As mulheres já não são assim, os homens já não são como os das músicas do Chico. Na verdade, será mais correcto pensar que nos nossos dias as mulheres estão-se nas tintas para onde os maridos andaram porque tiveram a trabalhar o dia todo e só querem chegar a casa, tomar duche e relaxar. Os maridos também não estão para inventar desculpas e na maior parte das vezes estão demasiado cansados para chegar a casa e tomar a mulher de paixão assolapada e fazer amor até de manhã, até porque amanhã é dia de trabalho. Pois. É isso. Chico? Estás fora do teu tempo. As pessoas já não são apaixonadas umas pelas outras. Agora há coisas mais importantes. Há o trabalho. Há a internet. Há o telemóvel. A PS2, 3, PSP e isso tudo. Há, porque não?, os cães para passear, há os filhos para ir buscar ao infantário e o quality time com eles (1h, 1h30) até adormecerem e depois há a televisão. Felizmente há também as artes, a literatura, a música, há os álbuns do Chico para viajarmos ao passado. Aquele tempo louco em que as pessoas se amavam, odiavam, desejavam, traíam, voltavam e beijavam-se no fim. Deve ser por isso que gosto tanto deste malandro de olho azul e sorriso bonito.

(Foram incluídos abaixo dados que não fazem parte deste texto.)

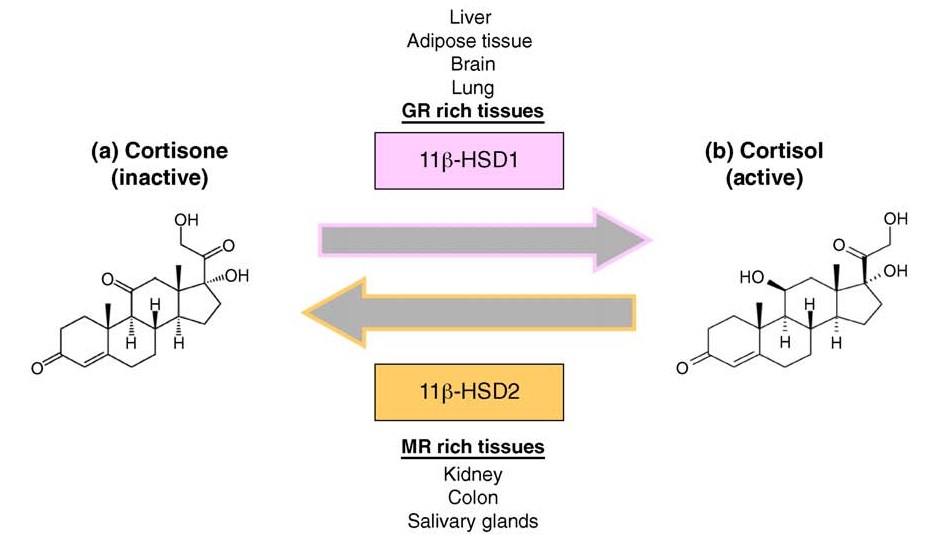 11β-HSD1 and regeneration of cortisol. 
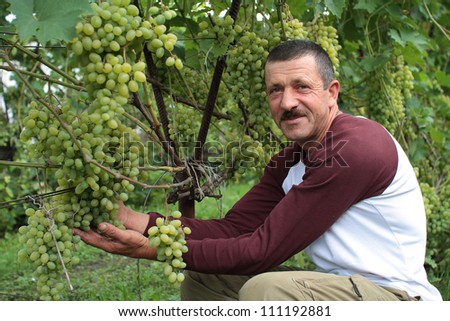 The smiling  wine-grower shows grapes cluster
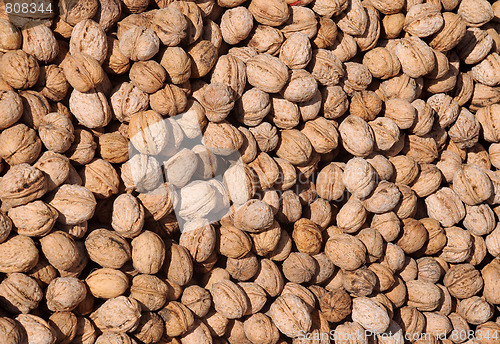 Image of Closeup Walnuts on the Market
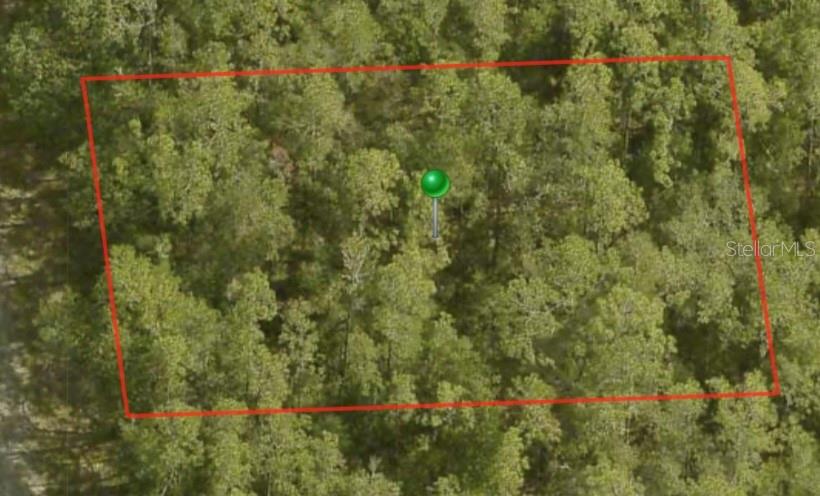 8759 N SAWYER TER, DUNNELLON, FL — photo 2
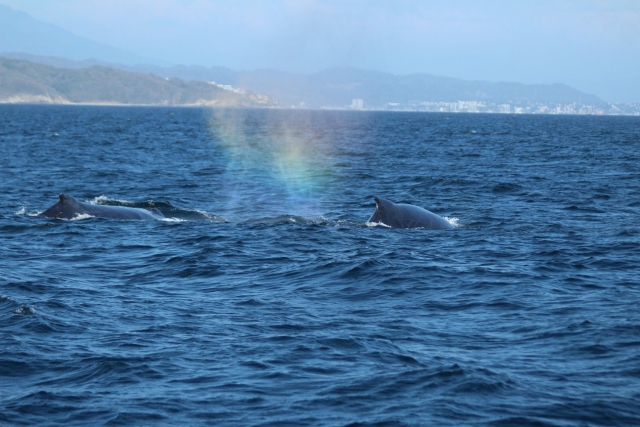 Finding marine species 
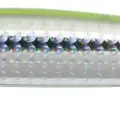 658
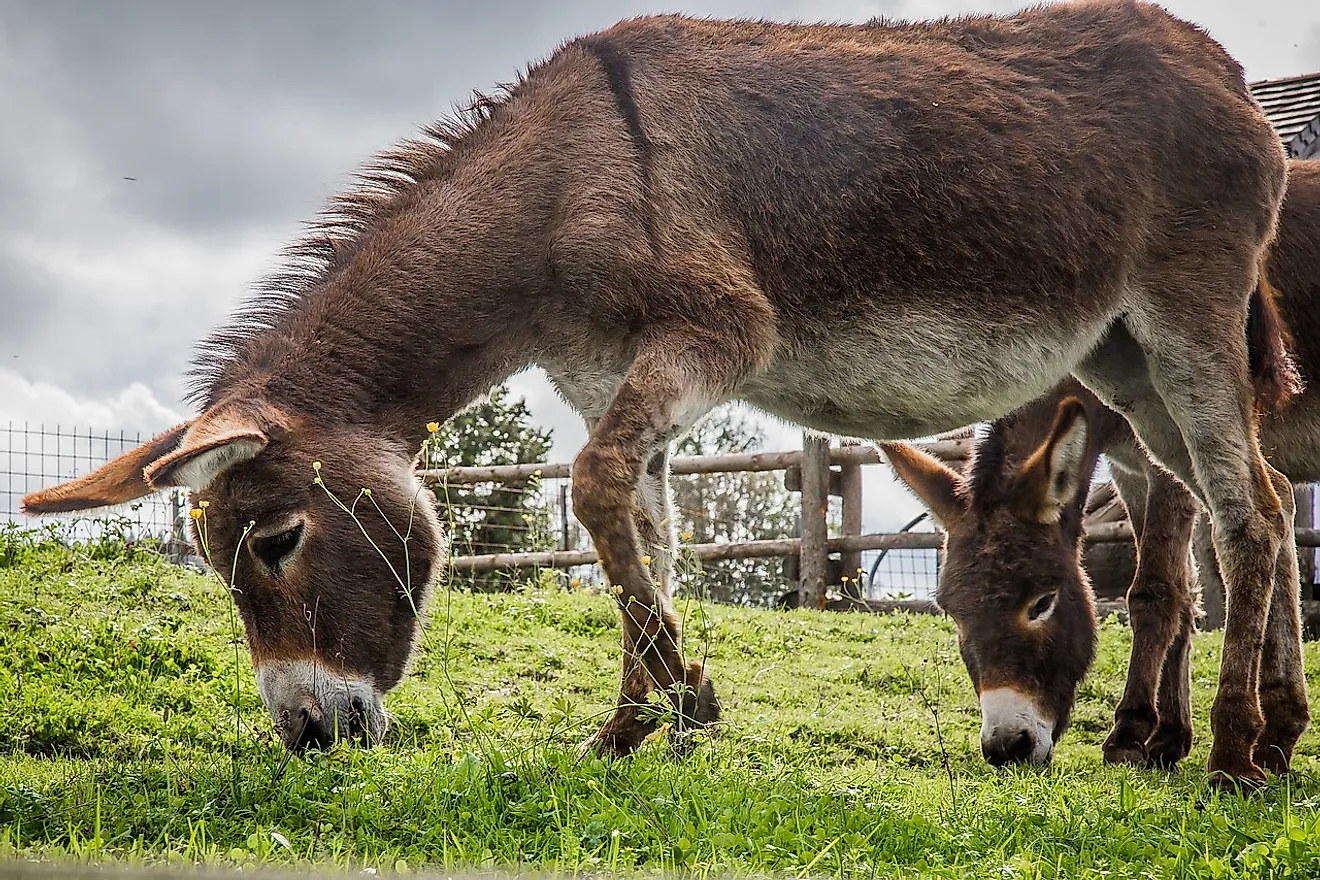 Donkeys in a farm. Image credit: Needpix.com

Quando olhaste bem nos olhos meus
E o teu olhar era de adeus, juro que não acreditei
Eu te estranhei, me debrucei
Sobre o teu corpo e duvidei
E me arrastei, e te arranhei
E me agarrei nos teus cabelos
No teu peito, teu pijama
Nos teus pés, ao pé da cama
Sem carinho, sem coberta
No tapete atrás da porta
Reclamei baixinho
Dei pra maldizer o nosso lar
Pra sujar teu nome, te humilhar
E me vingar a qualquer preço
Te adorando pelo avesso
Prá mostrar que 'inda sou tua
Até provar que 'inda sou tua

1 comentário:

querercoisasimpossiveis disse...

"I'm a spy in the house of love
I know the dream, that you're dreamin' of
I know the word that you long to hear
I know your deepest secret fear "

Jim Morrison in "The Spy"

(Este também era um malandro e era adorado por isso)

O maior malandro brasileiro não é o Chico (mas vem logo em segundo lugar), mas sim o Vinicius:

"(Senão é como amar uma mulher só linda
E daí? Uma mulher tem que ter
Qualquer coisa além de beleza
Qualquer coisa de triste
Qualquer coisa que chora
Qualquer coisa que sente saudade
Um molejo de amor machucado
Uma beleza que vem da tristeza
De se saber mulher
Feita apenas para amar
Para sofrer pelo seu amor
E pra ser só perdão)"

In "Samba da benção"


Hoje em dia, há muitas distracções, e a vida já não é romântica como era. Sendo assim tendemos a refugiar-nos em universos criados por músicas, filmes ou livros, que nos fazem viajar para outros momentos da história. Eu, por exemplo, passo muitas vezes por Ipanema. Basta ouvir Vinicius e Jobim, fechar os olhos, e imaginar.